連合は今春闘で大企業と中小企業の規模間、正社員・非正規社員など雇用形態での格差是正を前面に押し出す。ベースアップ(ベア)要求は「2%程度」を基準とし、定期昇給分2%を含めた賃上げ率の目標は4%と5年連続で同水準となる。

この方針を受け、春闘相場を形成する自動車、電機などメーカー系産業別労組で構成する金属労協(JCM)は「ベア3000円以上」を要求するよう構成組織に指示した。電機連合はこの水準を統一要求としたが、自動車メーカーなどの労働組合で構成する自動車総連は、トヨタ自動車労働組合の妥結ベア額非公開の影響から19年春闘から統一ベア要求額を示せていない。

トヨタ労組は今年もベア要求額を示さず、定昇分や手当を含めた総額で要求、月額1万100円の賃上げを求めたが前年の妥結額である1万700円よりも低い額だ。この要求方法に今年はスバルも追従、日産自動車も総額要求に切り替えるなど自動車では「脱ベア」の流れが進む。

日立製作所の経営トップでもある経団連の中西宏明会長は「業種横並びの集団的賃金交渉は実態に合わなくなっている」とし、横並び交渉や従業員一律の賃上げに疑問を投げかけ、「新卒一括採用」や「終身雇用」「年功型賃金」など戦後確立した日本型雇用の見直しの可能性にも踏み込んでいる。

経団連は今年の春闘で年功賃金だけでなく、能力や業績評価で賃金が決まる「ジョブ型」賃金を導入するよう求めている。
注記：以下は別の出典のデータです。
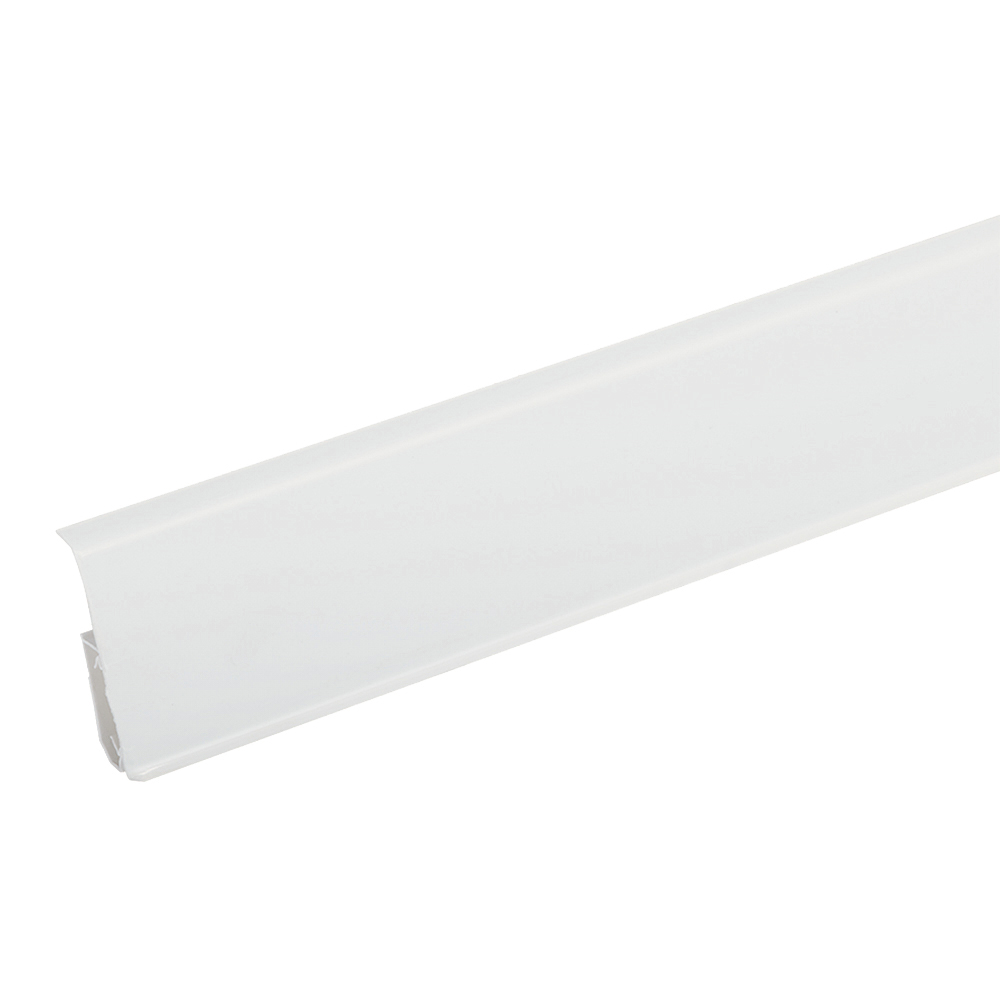 original-19334.jpg Плинтус ПВХ напольный Winart 72 мм белый матовый 2200 мм Г-профиль со съемной панелью — изображение 1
日立やトヨタなど世界で戦うグローバル企業は国籍に関係なく優秀な若手人材を確保する必要性が増しているからだ。

この問題への意識は労組側にも芽生えている。トヨタ労組はベアの配分の見直しにも踏み込んだ。人事評価に応じて賃上げ額の差を広げる案を組合員に提示したのがその表れだ。

一方、連合の神津里季生会長は、「非正規雇用の拡大や大企業と中小との賃金格差など、ここ20年で生じた問題がさらに拡大する恐れがある」と大企業が集まる経団連が主張する日本型雇用の見直しには慎重だ。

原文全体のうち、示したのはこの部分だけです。